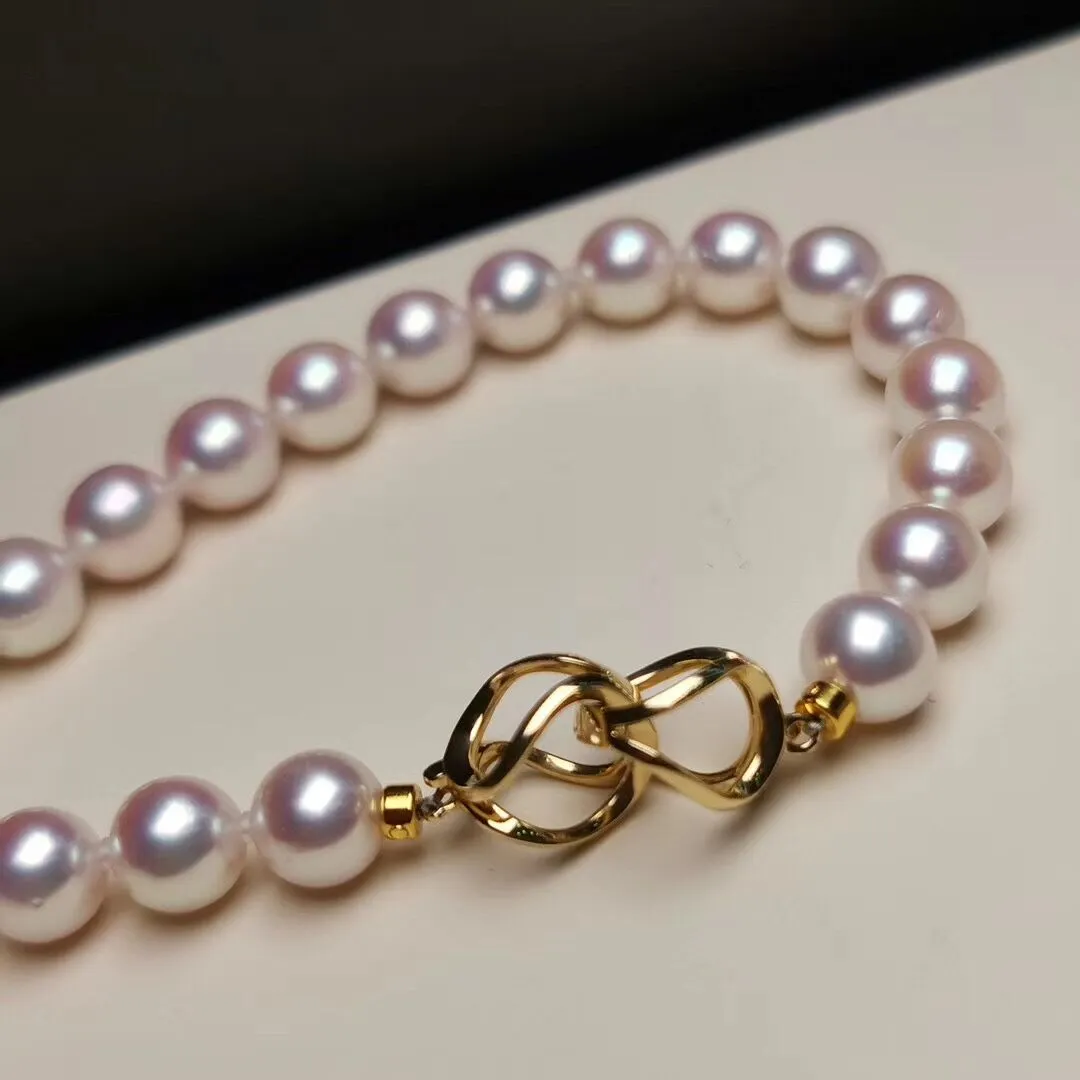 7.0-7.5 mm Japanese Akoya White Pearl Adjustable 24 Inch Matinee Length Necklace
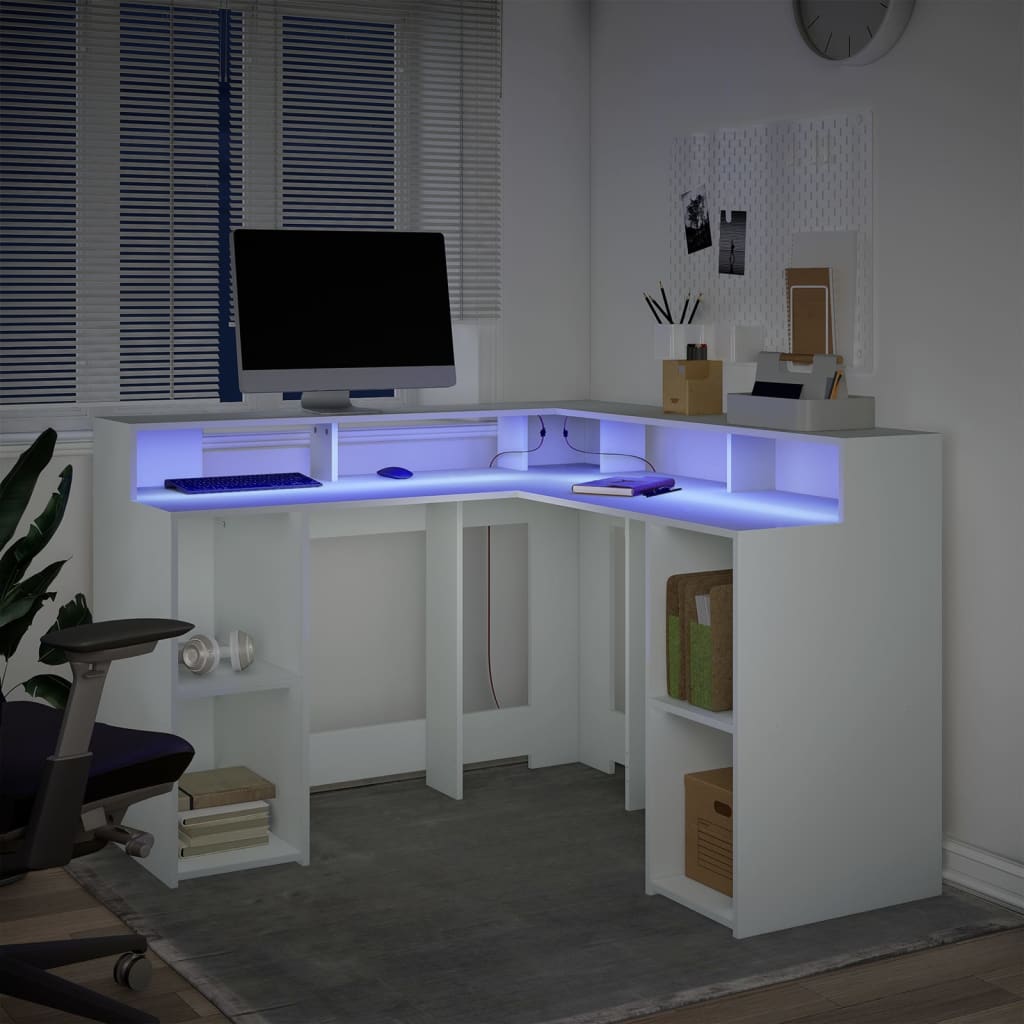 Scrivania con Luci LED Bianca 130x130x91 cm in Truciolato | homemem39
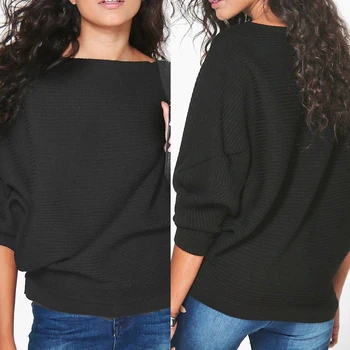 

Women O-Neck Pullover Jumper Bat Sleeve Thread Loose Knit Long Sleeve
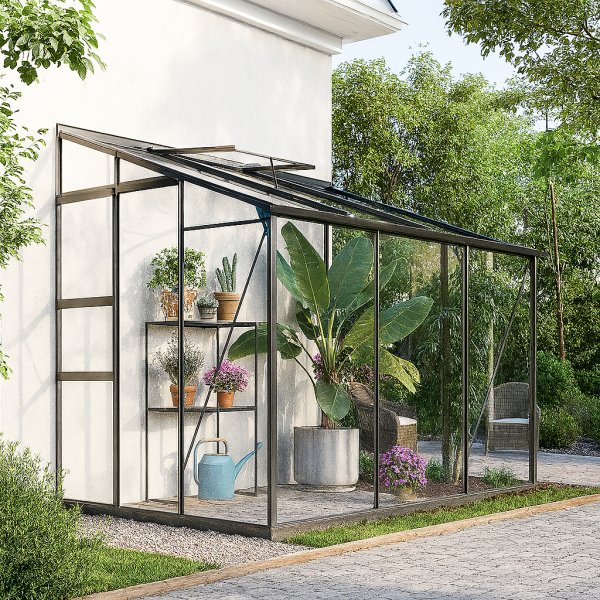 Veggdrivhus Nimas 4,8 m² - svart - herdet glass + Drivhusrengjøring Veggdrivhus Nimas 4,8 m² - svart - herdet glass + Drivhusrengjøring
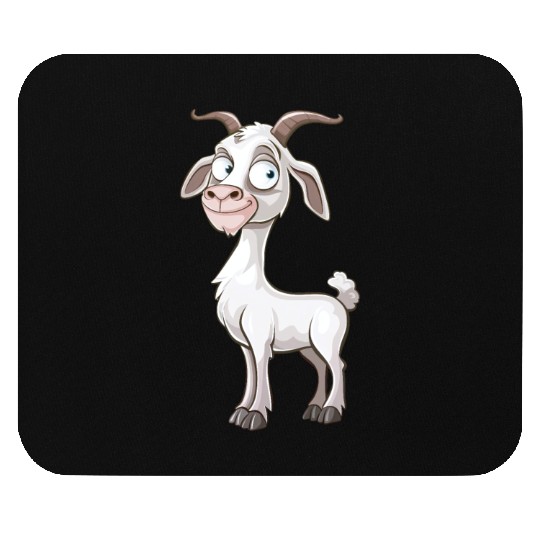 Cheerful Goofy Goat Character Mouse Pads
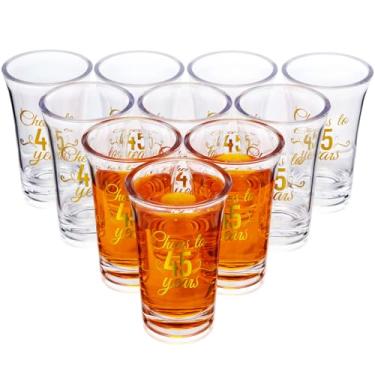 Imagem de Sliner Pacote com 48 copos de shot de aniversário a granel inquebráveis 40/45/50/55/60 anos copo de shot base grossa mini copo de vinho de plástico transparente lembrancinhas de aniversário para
----------
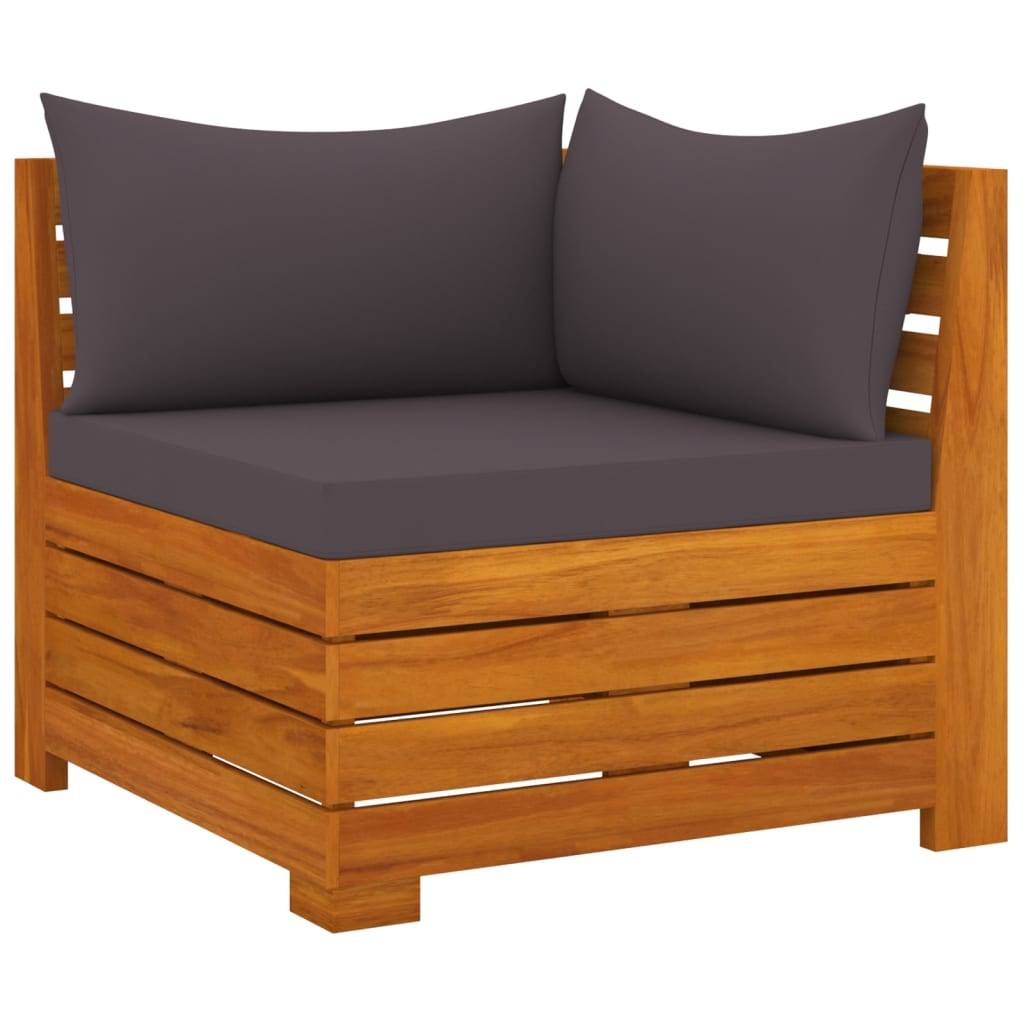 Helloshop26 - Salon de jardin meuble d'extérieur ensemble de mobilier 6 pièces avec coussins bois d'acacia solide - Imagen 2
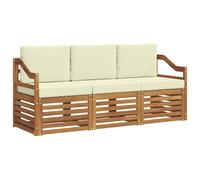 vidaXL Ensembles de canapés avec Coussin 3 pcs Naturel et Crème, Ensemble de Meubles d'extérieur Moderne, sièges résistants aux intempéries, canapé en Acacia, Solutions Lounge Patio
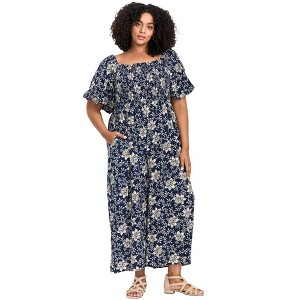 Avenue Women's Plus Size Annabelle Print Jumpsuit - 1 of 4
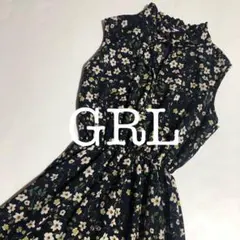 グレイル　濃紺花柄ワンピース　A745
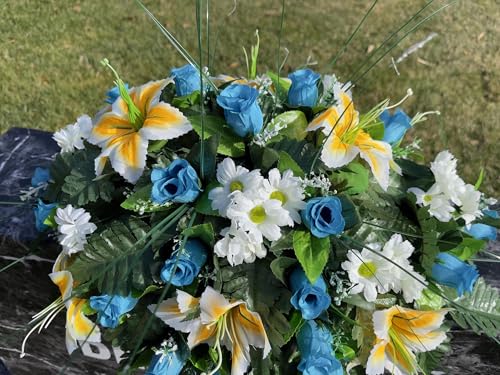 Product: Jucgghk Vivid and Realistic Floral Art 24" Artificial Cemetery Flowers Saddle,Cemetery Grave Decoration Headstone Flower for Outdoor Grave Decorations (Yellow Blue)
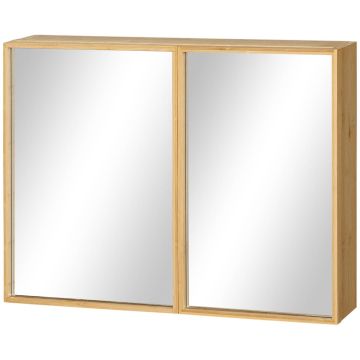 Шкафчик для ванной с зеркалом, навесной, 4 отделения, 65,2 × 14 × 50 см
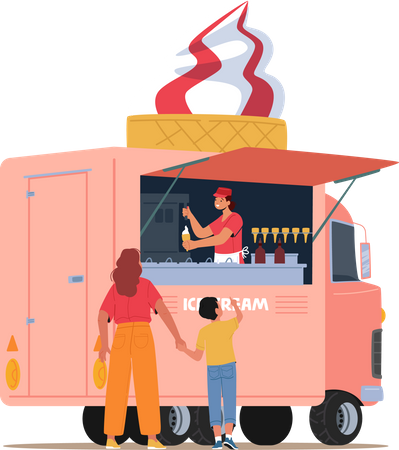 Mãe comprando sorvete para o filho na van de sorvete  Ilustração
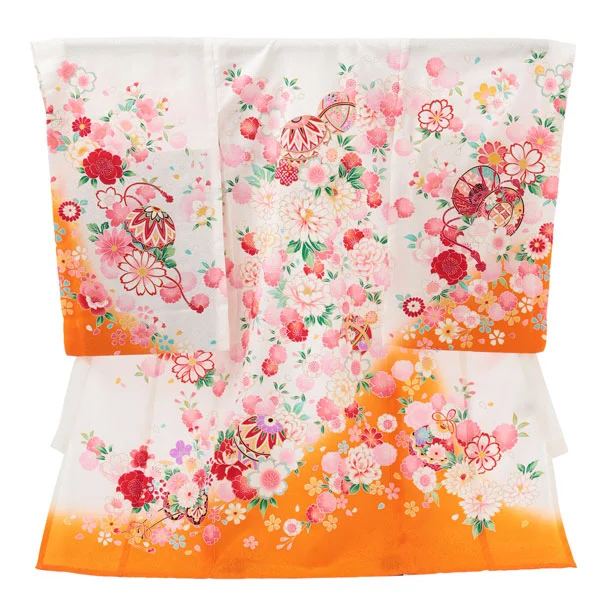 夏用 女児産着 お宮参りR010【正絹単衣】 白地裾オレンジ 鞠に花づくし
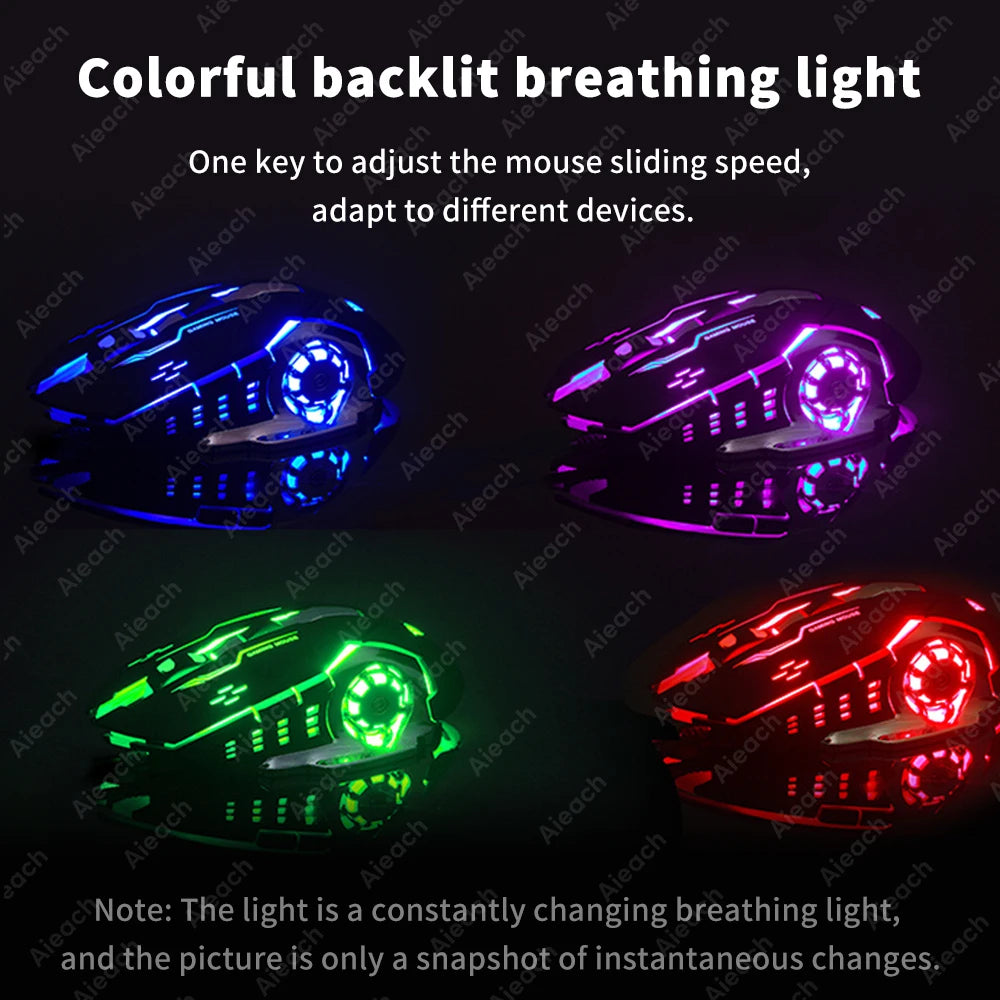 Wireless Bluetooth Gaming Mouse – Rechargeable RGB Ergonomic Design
----------
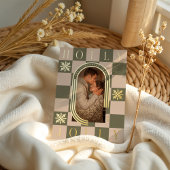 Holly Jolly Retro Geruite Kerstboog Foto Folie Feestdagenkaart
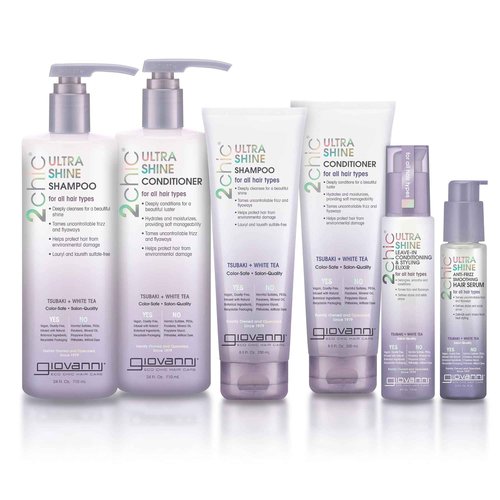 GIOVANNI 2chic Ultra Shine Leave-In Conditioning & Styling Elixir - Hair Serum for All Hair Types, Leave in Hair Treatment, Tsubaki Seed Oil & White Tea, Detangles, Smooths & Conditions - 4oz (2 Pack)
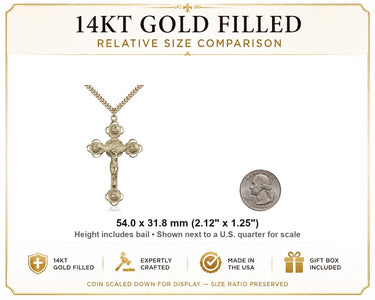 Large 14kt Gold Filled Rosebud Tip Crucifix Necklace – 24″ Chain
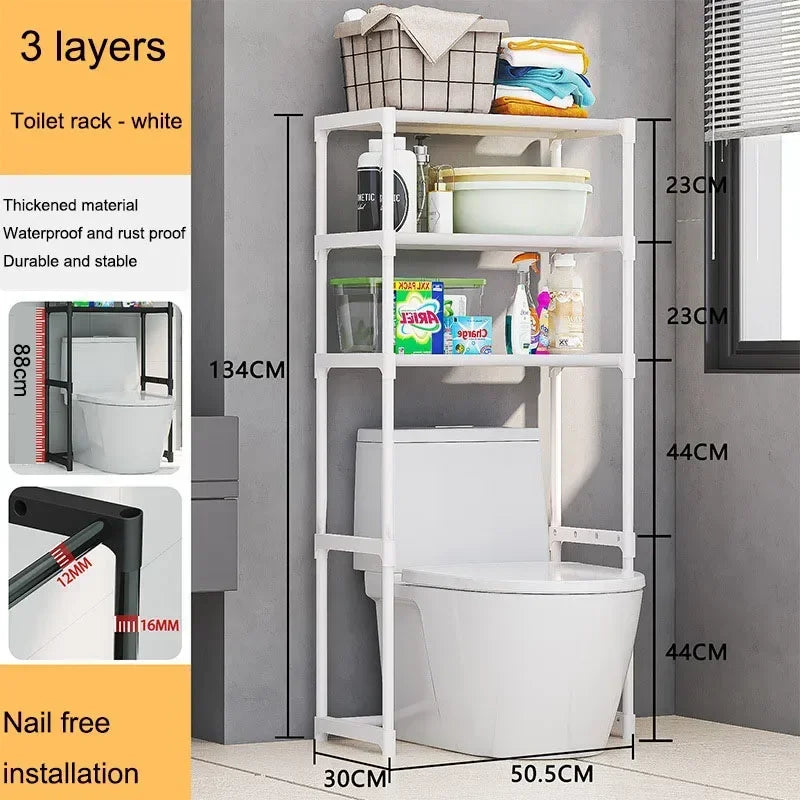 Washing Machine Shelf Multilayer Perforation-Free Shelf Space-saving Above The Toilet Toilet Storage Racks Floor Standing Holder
----------
> TASK ITEM
Print exactly, with no pictures, the lines above from the one that holds "7.0-7.5 mm Japanese" through the one that holds "Imagem de Sliner", both of them included.

> THE ANSWER
 7.0-7.5 mm Japanese Akoya White Pearl Adjustable 24 Inch Matinee Length Necklace
 Scrivania con Luci LED Bianca 130x130x91 cm in Truciolato | homemem39

Women O-Neck Pullover Jumper Bat Sleeve Thread Loose Knit Long Sleeve
 Veggdrivhus Nimas 4,8 m² - svart - herdet glass + Drivhusrengjøring Veggdrivhus Nimas 4,8 m² - svart - herdet glass + Drivhusrengjøring
 Cheerful Goofy Goat Character Mouse Pads
 Imagem de Sliner Pacote com 48 copos de shot de aniversário a granel inquebráveis 40/45/50/55/60 anos copo de shot base grossa mini copo de vinho de plástico transparente lembrancinhas de aniversário para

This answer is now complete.